## TASK TO COMPLETE
This task calls for the lines below starting at the one containing "2024 Hyundai Kona - Photo 20" and ending at the one containing "PAR20 LED BULB", repeated exactly with both ends kept and pictures left out.

## SUPPLIED INFORMATION
--- START ---

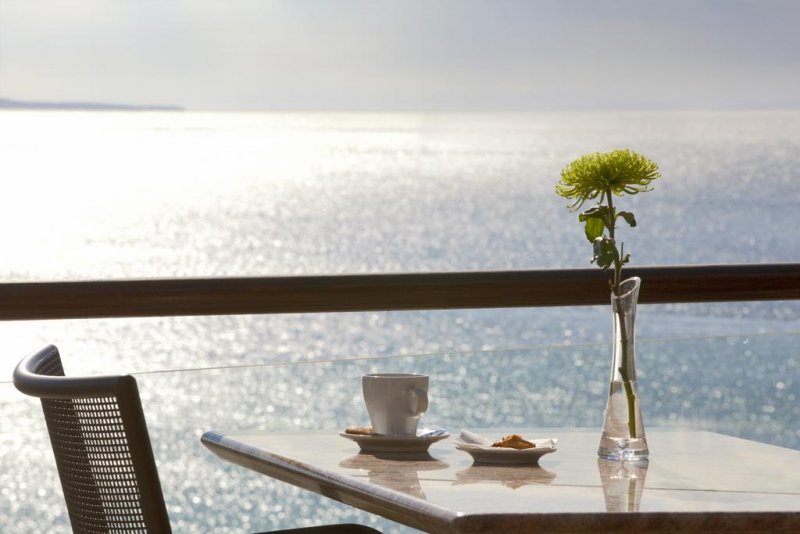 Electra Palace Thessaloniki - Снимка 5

--- END ---
--- START ---

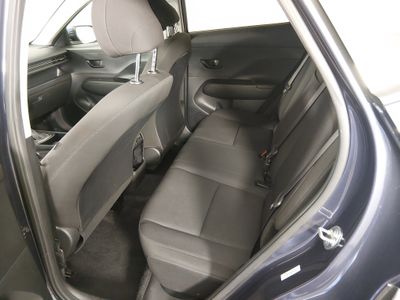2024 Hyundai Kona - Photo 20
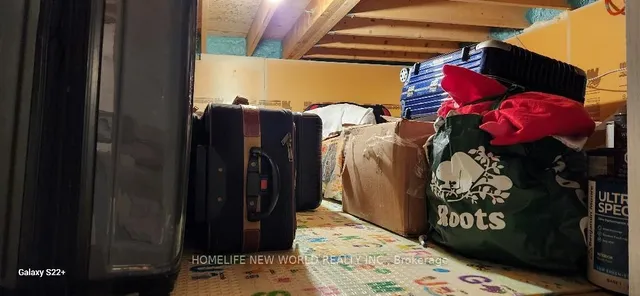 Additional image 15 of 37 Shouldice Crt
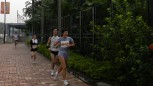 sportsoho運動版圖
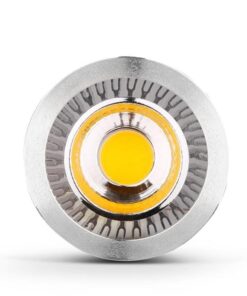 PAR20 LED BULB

--- END ---
--- START ---

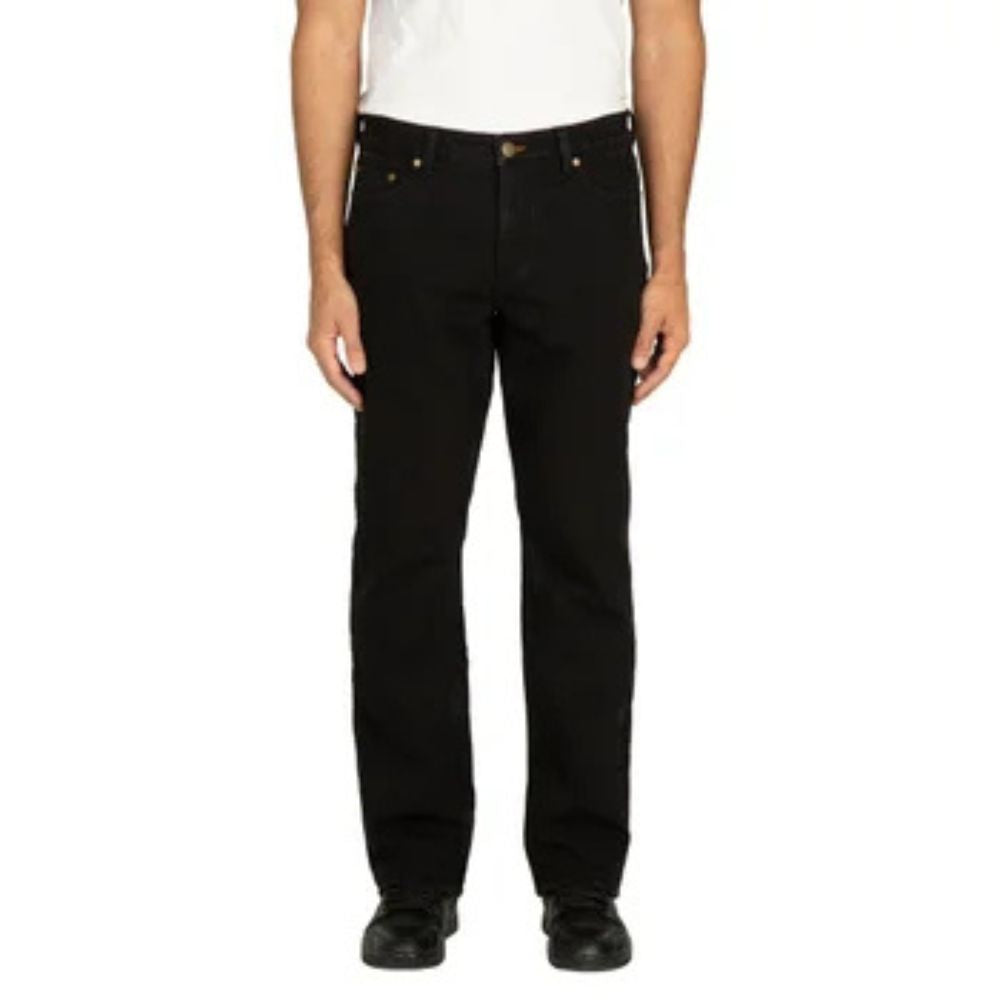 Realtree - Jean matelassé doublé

--- END ---

## ANSWER FOR THE TASK
2024 Hyundai Kona - Photo 20
 Additional image 15 of 37 Shouldice Crt
 sportsoho運動版圖
 PAR20 LED BULB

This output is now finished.